Glittering Shadows

Home > Other > Glittering Shadows > Page 13
Glittering Shadows Page 13

by Jaclyn Dolamore


  He added, “I really don’t have any idea what it all means, but we’ll find out. Plenty more archives to search.”

  We’ll find out. This comforted her much more than “it’ll be all right.” Little else about this did. She didn’t dare think too deeply about that report.

  Footsteps suddenly hurried toward them down the hall, and a hand pounded on the door. Marlis opened it to see a trusted courier from the Chancellery. “Mr. Volland, an urgent message for you, sir, from General Wachter.”

  Volland took the proffered note, unfolded it, read it. Then he shook it a little and looked at it again, as if he was hoping the words might rearrange themselves. He looked at her. “We have a response from Irminau. They are demanding that the Chancellor retract his statements and confess the truth to the people by tomorrow night. They’ll declare war otherwise.” He folded the paper. “It’s no less than we expected.”

  “We should show this to Freddy,” Marlis said. “Perhaps it will motivate him.” He was being so stubborn. Of course, she would probably act the same way, in his position, but Freddy used to be agreeable. Or maybe “resigned” was the better word. She used to think him a bit weak-willed; now she wondered what it felt like to grow up knowing you were different. Knowing you were stolen away.

  The guards outside Papa’s bedroom would have notified her at once if they heard any word from him, but a new rush of tears threatened when she saw Freddy sitting there, still and controlled with Papa’s lifeless hands beneath his.
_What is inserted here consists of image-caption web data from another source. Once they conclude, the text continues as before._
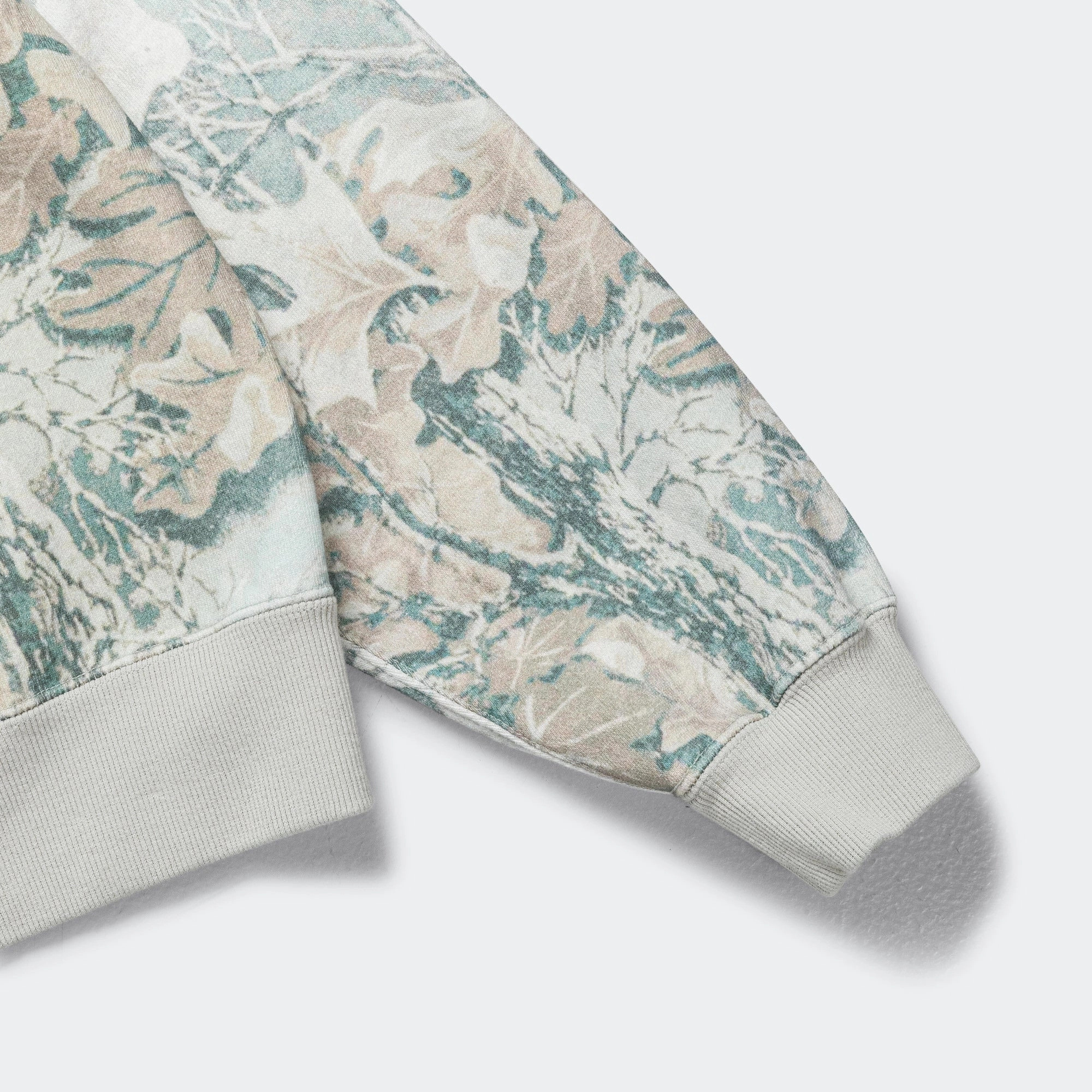 Faded Print Zip-Up Hoodie - Realtree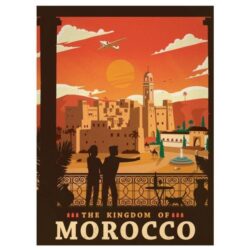 vintage marokko poster 1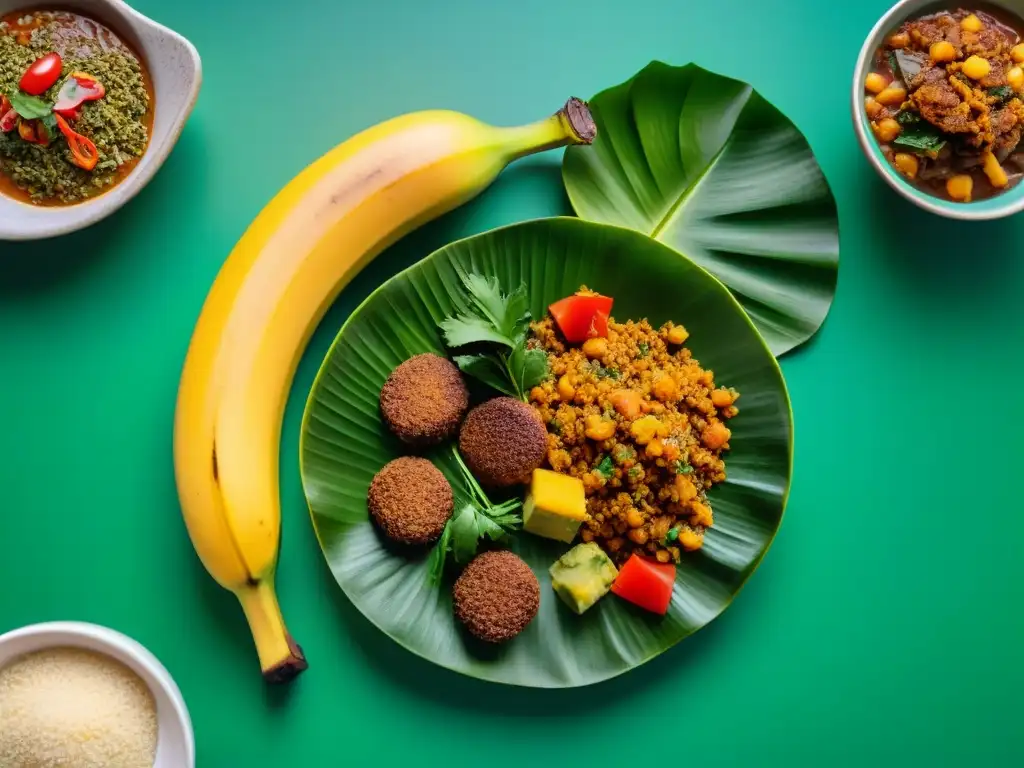 Una mesa repleta de platos icónicos de la gastronomía francesa en Guadalupe, con colores vibrantes y exquisitos aromas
  “We’ve heard from Irminau.” She held the letter in front of him.

  He read it quickly and looked at her. His eyes held a hardness she’d never seen before. “Would your father take that course?” Freddy asked. “Would he confess?”

  “I don’t know,” Marlis said. “I do know that if Irminau invades, they’ll crush us as long as we’re in this state, and you’d be quite a war prize.”

  He took his time answering, as if he wasn’t worried at all. But he had to be.

  “I will revive your father, Marlis,” he said. “However, his presence won’t save us from war. You will have to let him go, and soon.”

  She tried not to show her relief. She’d begun to worry he really would be that stubborn. “Fine.”

  His magic began to work immediately. Color returned to her father’s face. His hands twitched. She could see how much effort Freddy had put into resisting as relief flooded his face.

  “Untie him quickly,” she told the guards, as her father’s eyes blinked open. “And then leave us, please. Get Freddy out of here.”

  “Where am I?” her father asked. “What happened?”

  The guards had freed her father’s hands first, so she could bring one of them to her heart, to feel his warmth again. “You were shot,” she said.

  His eyes searched the ceiling, his expression confused. “Acherbaum!” He sat up with the sudden memory. “And I told you—didn’t I tell you—the truth?”

  She shook her head, not wanting Freddy to know anything, then shot a significant look to the guards. Freddy already looked suspicious. The guards had just cut Freddy’s feet from his bonds. She waited for them to usher him out before she said another word, but instead she found herself sniffing back more tears.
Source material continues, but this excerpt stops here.